Framing Minority Image: A Case Study of Korean Americans Before and After the 1992 Los Angeles Riots • Hyun Ban, The University of Texas at Austin • This study examined and compared how the Los Angeles Times framed Korean Americans before and after the 1992 Los Angeles riots, according to four framing dimensions: substantive, affective, stylistic, and stereotypical. The results indicated that Times’ efforts to cover the Korean Americans more frequently and with a greater variety of aspects were successful. Nevertheless, their image in the Times did not significantly improve after the riots, in terms of favorability and depth.

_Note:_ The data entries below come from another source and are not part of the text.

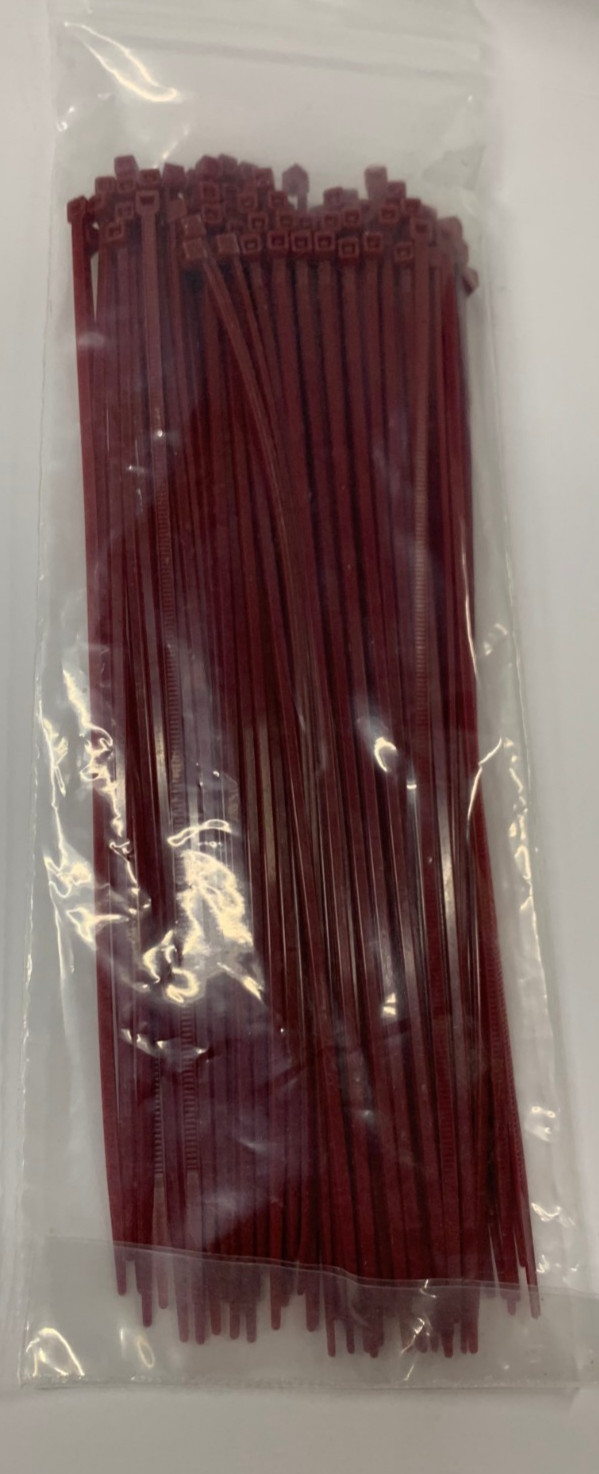 1000 pcs 8" Air Handling Plenum Rated Cable Tie, Burgundy, 10 bags of 100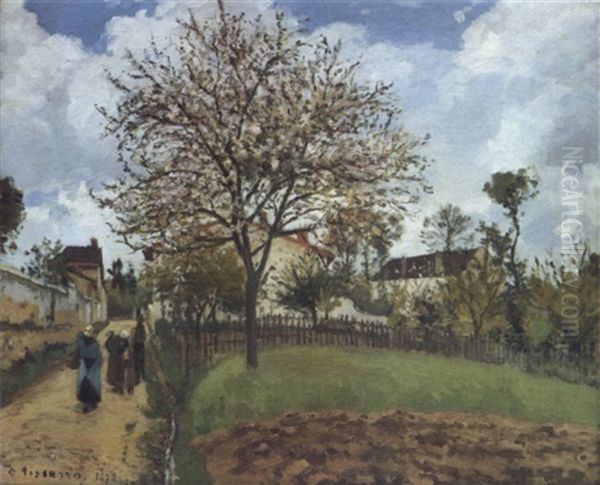 Paysage A Louveciennes Oil Painting by Camille Pissarro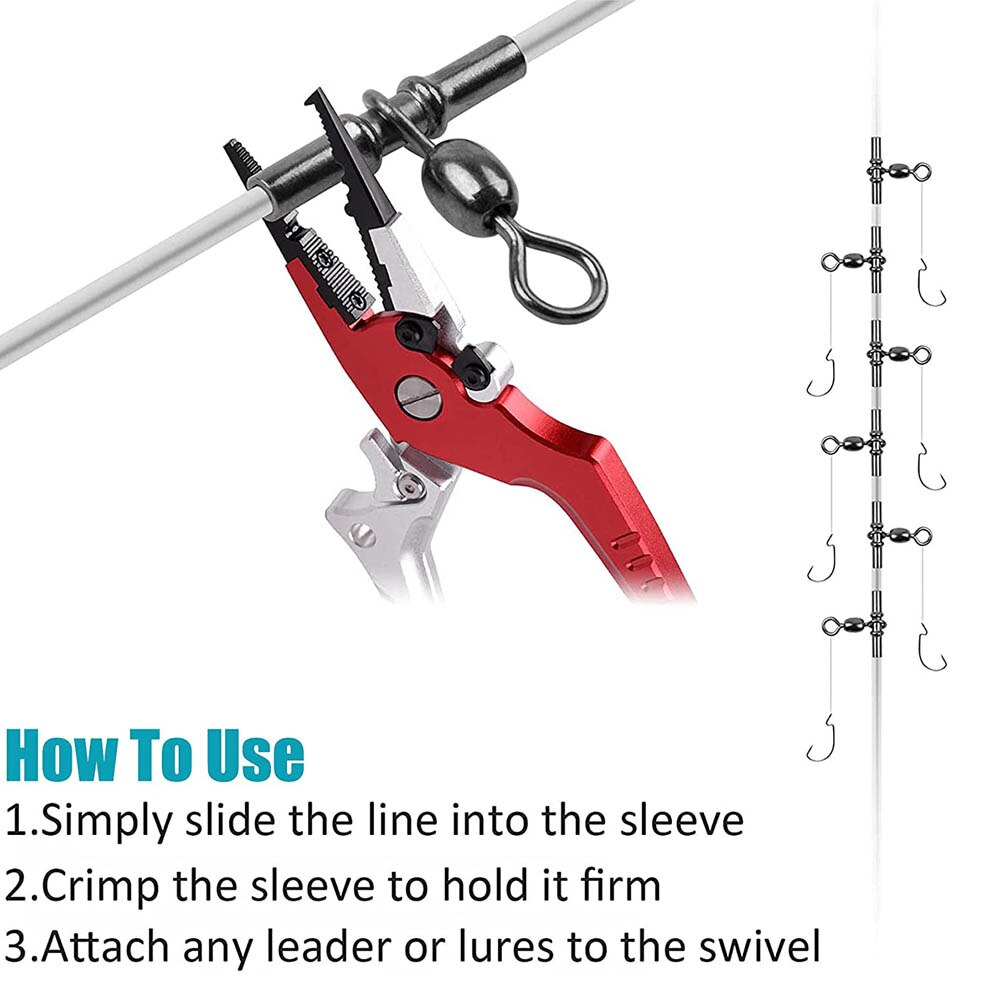 70Pcs 3 Way Cross Line Barrel Fishing Swivels Deep rig Crimp sleeves Crane Swivel Brass Fishing connectors Tackle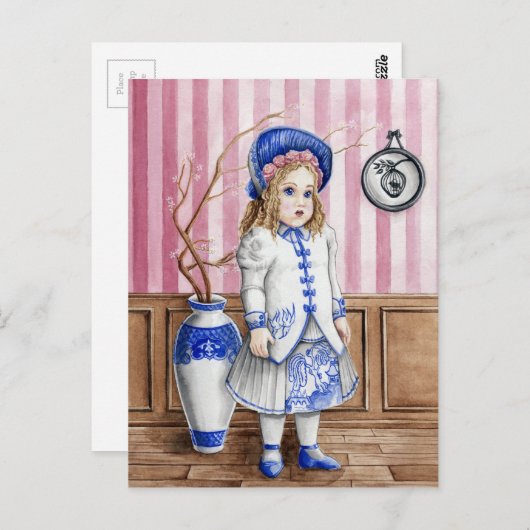 Blaue Weide Bru Postkarte (Vorne/Hinten)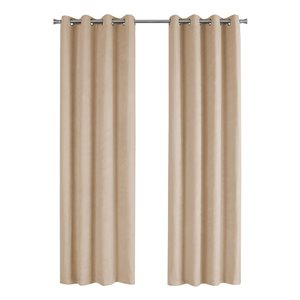 Monarch Specialties 84-in Beige Polyester Room Darkening Interlined Curtain Panel Pair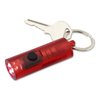 a red flashlight with a key chain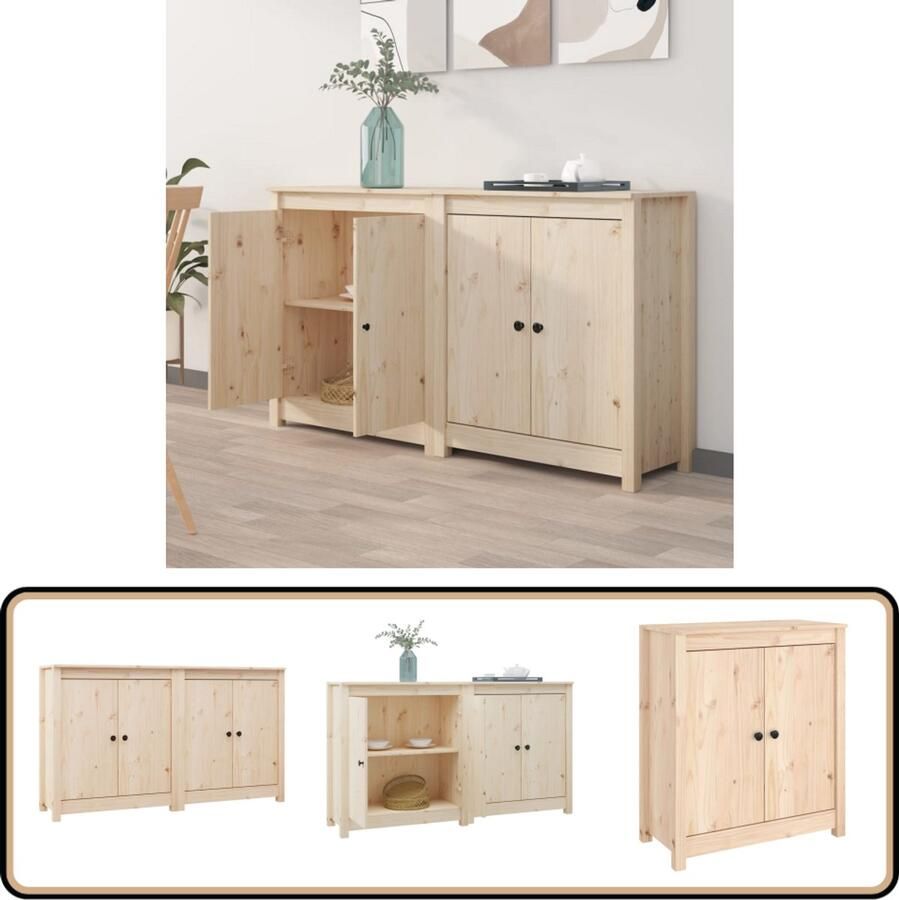 VidaXL Dressoirs 2 stuks Grenenhout 70x35x80 cm Dressoir Bijzettafel Grenoblehouten Kast Opbergkast Salontafel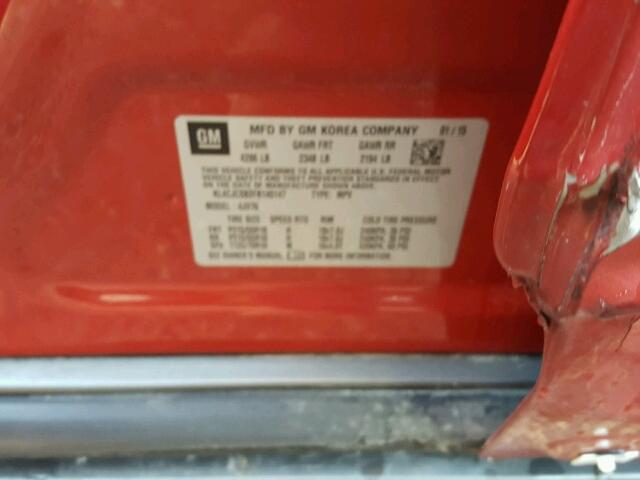 KL4CJCSB2FB140147 - 2015 BUICK ENCORE RED photo 10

Tolerance for First Amendment Rights in a Southern California Vietnamese Community • Jeff Brody, Tony Rimmer, California State-Fullerton • What are the dimensions of tolerance for civil liberties in immigrant communities? Models developed in large-scale surveys of the general American population have found education, liberal political ideologies, and newspaper reliance to be positively associated with tolerance, while religion, age and TV reliance are negative predictors. Closer inspection of these data, however, show radically different opinions may be held by subgroups. Some religious communities, for example, do report tolerant attitudes. The present study considers tolerance for speech and press rights in the Vietnamese community, a subgroup whose migrating circumstances over the last two decades suggest alternative tolerance models. We argue that the recent political history of the Vietnamese and their unique cultural and religious heritage will find the received general tolerance model wanting. Religious and media use measures (TV news rather than newspaper use) did play a positive role here in predicting tolerant attitudes towards the speech and press rights of others. Our attempt to incorporate historic circumstances into the model was not successful.

Newspapers’ Coverage of the Immigration Issue During the 1996 Presidential Campaign • Yu-li Chang, Ohio • This study about newspapers’ coverage of the immigration issue during the 1996 presidential campaign found that Hispanics and Asians were the immigrant groups most frequently covered and that immigrants were presented in a negative light. This study also found that papers published in cities with large immigrant populations and having large circulations were aware of the ethnic diversity among their readers since they contained more coverage and diversity of topics on the immigration issue.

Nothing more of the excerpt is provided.